We learned the lesson the hardest way. At Inome, one of our biggest challenges is the clustering of 20+ billion records into about 250 million people profiles. We need to put the 20 billion records into a similarity graph and partition them into clusters by the values from carefully tuned and engineered machine learning based similarity models. It does not take much to describe the approach, we just have a couple of papers on it, but to build a system that implements it is no simple task.

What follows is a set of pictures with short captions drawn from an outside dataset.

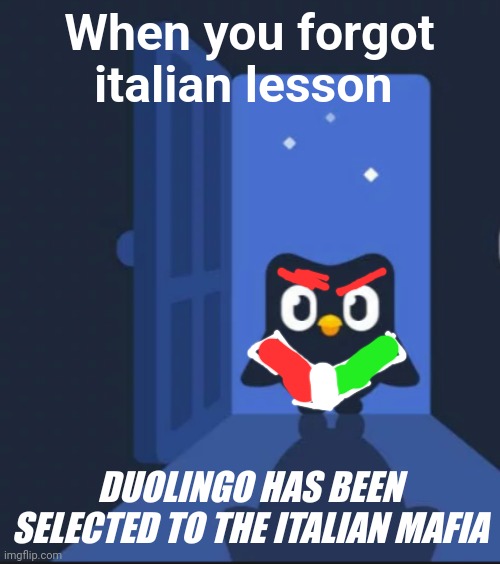 per favore duolingo farò la mia lezione di italiano non rapirmi e non uccidermi | When you forgot italian lesson; DUOLINGO HAS BEEN SELECTED TO THE ITALIAN MAFIA | image tagged in duolingo bird | made w/ Imgflip meme maker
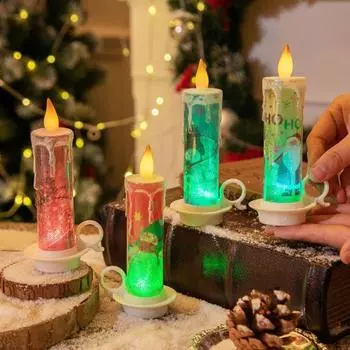Рождественские маленькие свечи, светодиодные электронные свечи с милыми рождественскими узорами, настольные украшения B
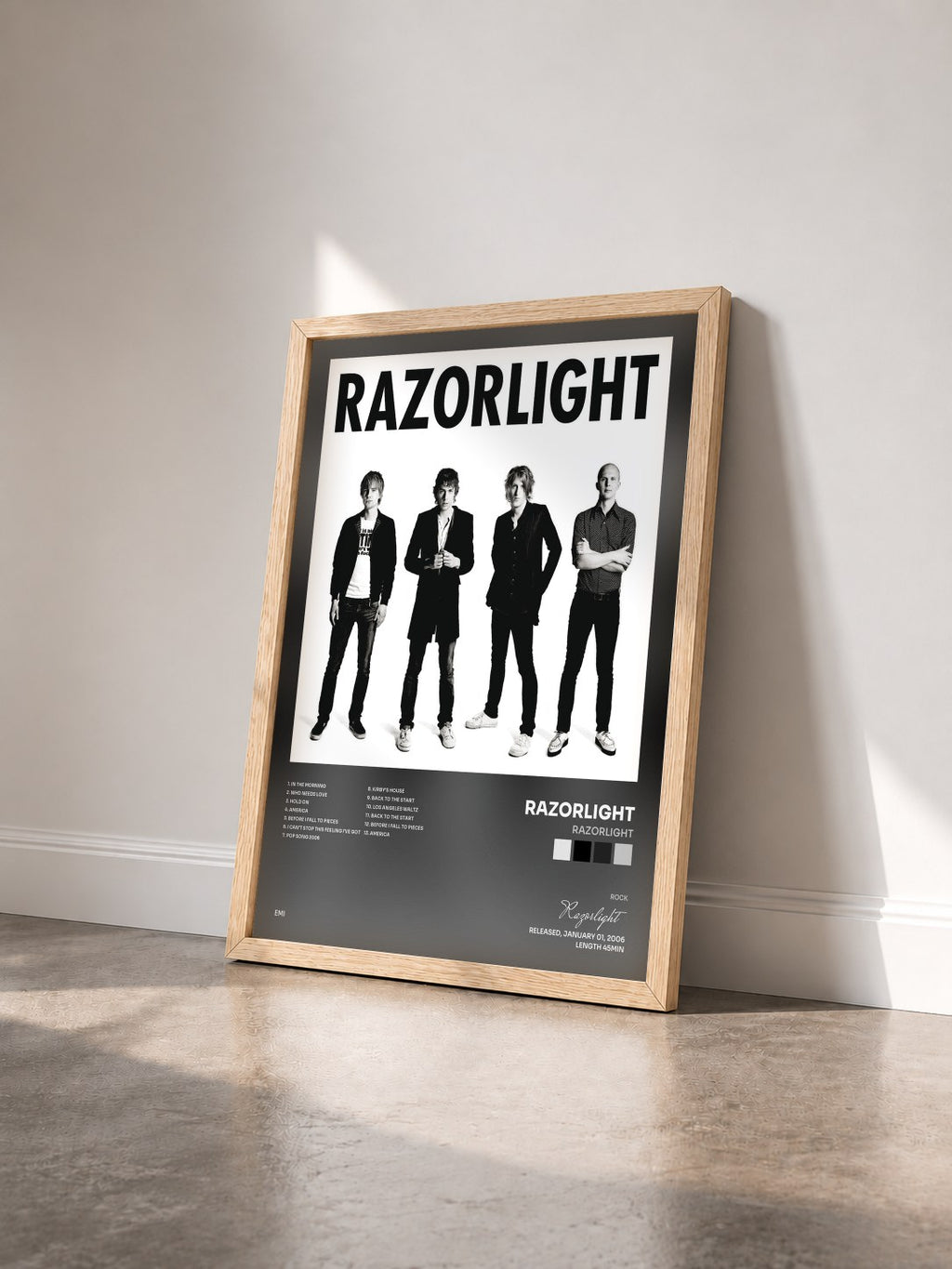 #bois Tableau de l'album Razorlight de Razorlight vu de trois quarts, cadre en bois brut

We started from making our system work for a couple of billions of records, and scaling up a couple of billions or hundreds of millions a time, all the way to 20 billion. It has been a uphill struggle, how to optimize, best parallelize each step of the pipeline, especially the steps iterating over a large part of the graph, or synchronizing over the entire graph. Every step in the scaling up process was pure pain, sometimes we had to completely rewrite key algorithms and develop new ways to implement and improve them. That is not all. The more you parallelize the algorithm, the more stages your pipeline contains, and making the entire pipeline running robust and smoothly becomes all the more important. To do it, more stages of validation, normalization and quantative analysis on the quality of data input and output of each stage have to be added, before we finally have a robust and solid system.
It is only natural that we feel a lot of pride in pulling all of this through–the kind of joy NASA scientists and engineers experience when they watch rockets rolling off a new production line, rockets that are powerful enough to send payloads to Mars. You can imagine the shock we feel when we have to scale our system down to meet some new customer needs. We never realize how much we have done until we have to link only a couple of thousand records to our corpus. Guess you never fully appreciate how sophisticated your rocket production pipeline is unless you try to use it to make a firecracker for your daughter on the Independence day.
But unlike making a firecracker, we still have 250 million profiles on the other side of the bipartite graph. To make the new scale-downed pipeline robust and working well for small data (to us, it means anywhere between thousands to tens of millions), there are still a lot of optimization to go. We have imagined during our days of struggling to scale up, that one day, after we finally make it, we might have to scale it all the way back and re-adapt ourselves to the world of “small data”.